§ Task requirements
Whenever the word "with" occurs in a line of the material below, that line is counted. Report only the count.
····················
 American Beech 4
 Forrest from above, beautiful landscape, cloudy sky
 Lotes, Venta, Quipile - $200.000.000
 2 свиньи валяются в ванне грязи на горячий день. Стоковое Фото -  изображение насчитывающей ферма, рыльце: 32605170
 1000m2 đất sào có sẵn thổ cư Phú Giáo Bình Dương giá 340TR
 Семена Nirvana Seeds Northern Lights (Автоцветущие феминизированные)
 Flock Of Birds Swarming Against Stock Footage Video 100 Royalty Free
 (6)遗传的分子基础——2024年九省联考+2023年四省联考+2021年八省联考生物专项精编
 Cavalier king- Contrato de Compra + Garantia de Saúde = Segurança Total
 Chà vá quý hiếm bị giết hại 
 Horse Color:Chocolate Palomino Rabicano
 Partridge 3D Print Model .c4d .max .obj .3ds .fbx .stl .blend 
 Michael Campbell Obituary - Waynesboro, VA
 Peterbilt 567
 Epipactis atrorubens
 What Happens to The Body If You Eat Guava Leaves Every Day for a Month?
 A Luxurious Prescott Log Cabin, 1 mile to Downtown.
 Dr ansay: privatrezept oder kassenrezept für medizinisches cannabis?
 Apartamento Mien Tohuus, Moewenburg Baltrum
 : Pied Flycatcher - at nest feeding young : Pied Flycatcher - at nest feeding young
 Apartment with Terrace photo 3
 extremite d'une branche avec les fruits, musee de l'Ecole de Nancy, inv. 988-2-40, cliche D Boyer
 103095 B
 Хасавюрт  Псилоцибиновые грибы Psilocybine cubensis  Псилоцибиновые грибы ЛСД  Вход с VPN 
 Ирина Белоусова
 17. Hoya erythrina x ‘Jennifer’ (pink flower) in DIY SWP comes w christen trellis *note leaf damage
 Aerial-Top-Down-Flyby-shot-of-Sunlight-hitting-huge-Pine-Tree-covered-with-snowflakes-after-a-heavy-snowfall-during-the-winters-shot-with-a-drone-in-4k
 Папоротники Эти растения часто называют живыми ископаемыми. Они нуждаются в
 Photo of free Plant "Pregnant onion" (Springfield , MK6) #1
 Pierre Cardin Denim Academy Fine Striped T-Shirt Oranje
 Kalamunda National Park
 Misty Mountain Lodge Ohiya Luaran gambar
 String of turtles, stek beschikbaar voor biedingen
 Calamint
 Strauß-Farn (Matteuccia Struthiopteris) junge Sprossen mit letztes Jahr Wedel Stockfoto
····················
§ Solution
2